Accordingly, the judgment is affirmed as to count 2 and reversed as to count 1. The case is remanded for further proceedings.
[Note star] Justice Fine participated in the deliberation on this case prior to her retirement.
[Note 1] In her deposition the plaintiff stated that she instructed the defendant to accept the husband's settlement offer of $800,000 plus the marital home free of mortgage, and that the defendant refused to do so, stating that "I know I can get you $2 million."
[Note 2] In some significant particulars the affidavit contradicts statements made by the plaintiff in her deposition, which was the basis, along with the May 4 letter of discharge, for the defendant's motion for summary judgment (as it applied to the malpractice counts).
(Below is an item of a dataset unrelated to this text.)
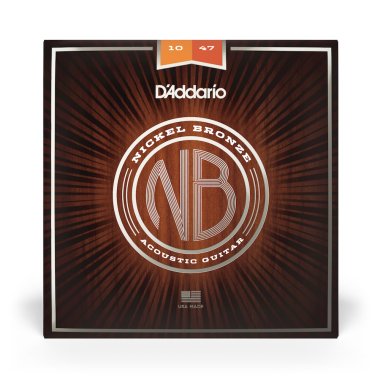 D'Addario NB1047 Nickel Bronze Acoustic Strings Extra Light 10-47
The defendant urges us to apply a rule of practice, often invoked in the Federal courts, giving no effect to a party's affidavit, submitted to avoid summary judgment, that directly contradicts that party's earlier statements made under oath, by deposition or otherwise. See, e.g., Franklin v. First Natl. Bank of Boston, No. 92-2156, (1st Cir. April 14, 1993) (LEXIS, genfed library, App. file); Trans-Orient Marine Corp. v. Star Trading & Marine, Inc., 925 F.2d 566, 572 (2d Cir. 1991); Foster v. Arcata Assoc., Inc., 772 F.2d 1453, 1462 (9th Cir. 1985). While earlier Massachusetts decisions showed hesitancy in following that practice, see Guenard v. Burke, 387 Mass. 802 , 812 (1982), the trend after Kourouvacilis v. General Motors Corp., 410 Mass. 706 (1991), toward greater use of summary judgment has been reflected in an increasing tendency in the decisions to follow the Federal practice of disregarding eleventh hour affidavits that contradict earlier statements by the affiant made under oath. See, e.g., O'Brien v. Analog Devices, Inc., 34 Mass. App. Ct. 905 , 906 (1993); American Employers' Ins. Co. v. Horton, 35 Mass. App. Ct. 921 , 923 n.2 (1993); Morrell v. Precise Engr., Inc., 36 Mass. App. Ct. 935 , 937 (1994). In any event, we need not consider that point because, even if we disregard the affidavit, the affidavit, the fact of the defendant's continuing representation of the plaintiff beyond May 10 requires the result we reach.